I listened to the B&S song and it didn't sound familiar but also it sounded like every other B&S song so who knows, maybe I'd heard it before. Anyways it wasn't my thing but it's pretty innocuous.
― congratulations (n/a), Friday, 3 September 2010 14:24 (fourteen years ago) link
like... all of it? Which is partially why I'm bummed it didn't end up being "Come To Daddy"
xp: "Da Funk" is IMO the most easily-identifiable Daft Punk song aside from "One More Time"!
― feel free to answer my Korn Kuestion (HI DERE), Friday, 3 September 2010 14:28 (fourteen years ago) link
enjoy the silence is so classic. im more a policy of truth dude tho
― the embrace of waka flocka is v pertinent (deej), Friday, 3 September 2010 14:29 (fourteen years ago) link
more than the one that goes around the world around the world around the world around the world around the world around the world?

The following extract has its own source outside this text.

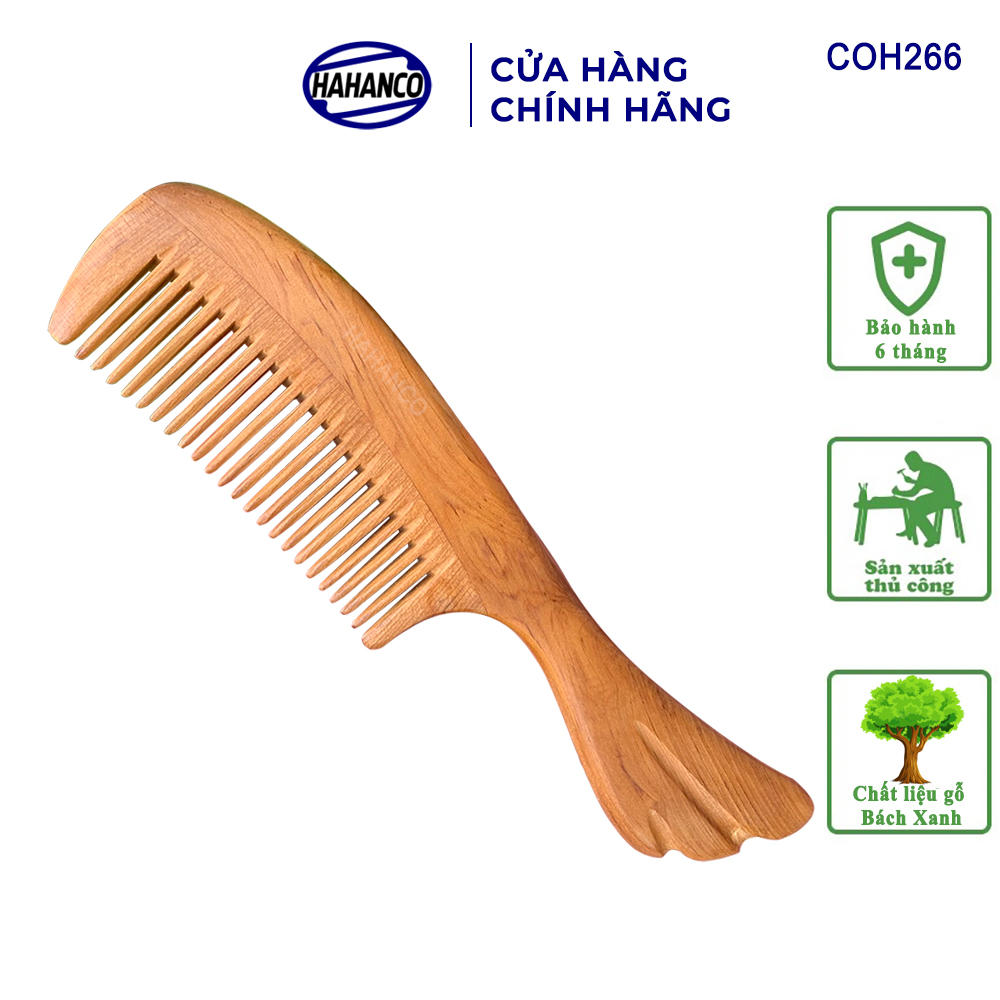 Lược đuôi cá gỗ Bách Xanh mùi thơm nhẹ  COH266 - Ghép Răng Tăng Độ Bền Khi Chải Tóc - Chải tóc làm dịu tâm trí, đỡ căng thẳng - Giúp Tóc Suôn & Mềm Không Làm Rụng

I've seen the video for "Da Funk" plenty of times and the song just never soaked in from it (probably because they keep turning off the song for extended periods of it.

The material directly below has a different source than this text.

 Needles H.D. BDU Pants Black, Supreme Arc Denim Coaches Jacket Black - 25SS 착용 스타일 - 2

― da croupier, Friday, 3 September 2010 14:30 (fourteen years ago) link
Come To Daddy isn't any more "signature" Aphex than Windowlicker, to be honest.
Or maybe it is, in that CTD is a total pisstake song and Mr D.James is all about the pisstaking in ways that end up being quite intriguing and appealing to lots of people. But, as I keep saying in these kinds of debates is, what makes Mr D.James GR8 is the fact that there really *is* no signature Mr D.James - everything he does ends up sounding really not a lot like what everything else he does sounds, and yet it all sounds really *him*.
I just don't really like Windowlicker that much, except for the last minute and a half where all the distortion and phase kicks in and it suddenly goes really wubtastic. But that minute and a half is greater than most artists' whole careers.
― cymose corymb (Karen D. Tregaskin), Friday, 3 September 2010 14:31 (fourteen years ago) link
Karen, from what you've written I think you hate Common People because you have completely misunderstood it and the kind of person it is attacking. It's not even about being a weirdo/outcast - that's Mis-Shapes. Surprised by such a misreading and staggered by your "being the only person [in your circle] who actually saw any kind of class issues at work in that song". What the hell else is there in the song BUT class?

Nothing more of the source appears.